Like, use cloth instead of disposable pads because it can be used as black magic which will make women infertile or if someone sees used pads/cloth they will be cursed or menstruating women can’t bath as this could lead problem for internal organs. What’s more shocking I ever heard that virgin women could lose their virginity if they use tampons and they will be label shameful/impure.
These practices have been passed down through generations and hold no truth. Even though, Islam mentions woman only as an impure from performing religious functions. She hasn’t considered having any contagious uncleanness and she has given freedom to do the daily task as she normally does. And to break these remaining myths we need to educate ourselves about sex health life more often starting from our own home.

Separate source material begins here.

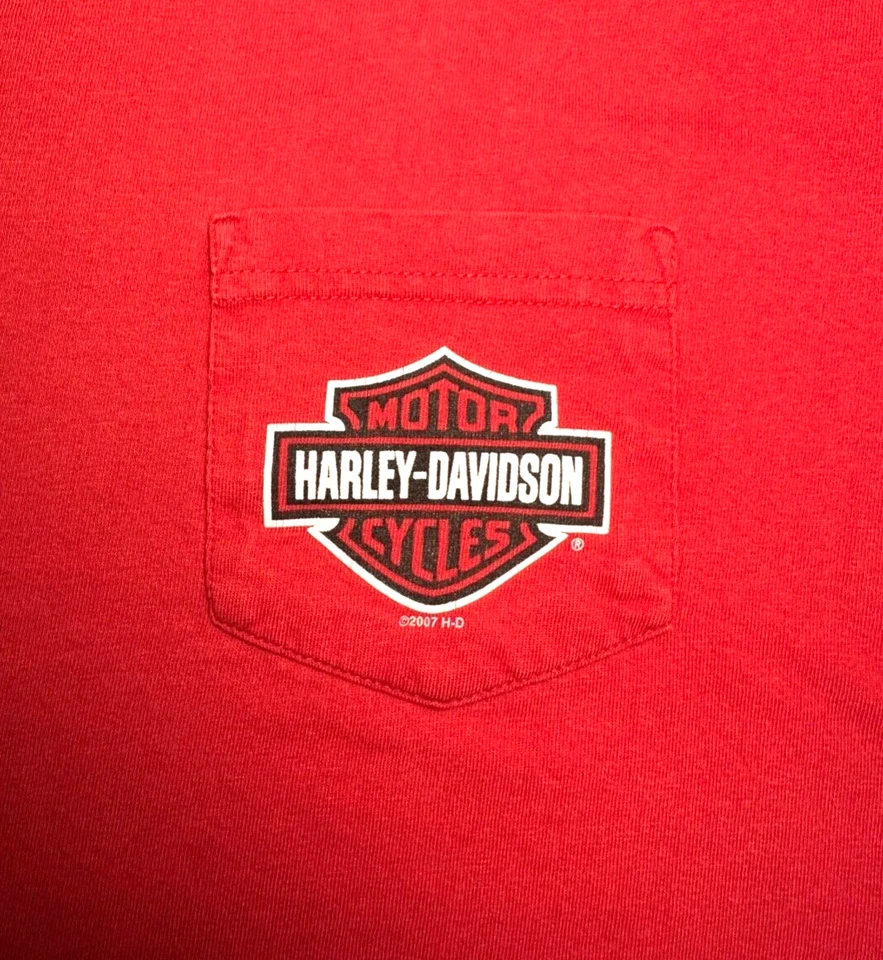 Harley-Davidson 红色棉质口袋 T 恤;男式 XL,全彩丝网印刷 — 第 2/4 张图片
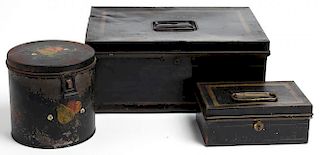 3 Black-Painted Toleware Document Boxes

Because education no doubt erases the ignorance that once we hold upon too seriously.
To wrap up all this, I would like to appreciate that our society has evolved lot more than previous decades. But there is still more need to be done.
I don’t mean to imply that we woman should unnecessarily speak around everywhere or overshare about our periods.
Yes, it is a biological normal event that happens all around but the way media and social activist are promoting to show blood spots at the back of shirts or holding pads in hand in public won’t drain the shame. It gives a more negative image and seems unethical to talk everywhere about your body fluids and flows.
Talk where it seems appropriate and where it is needed the most.
In addition, our men should be aware of these health issues that women face in periods. As this is not a matter to ignore but a time to give more support and care. Because later on, the male family member has to run to the hospital in severe case of their women health which will not only adverse their finances but also will affect work-life balance.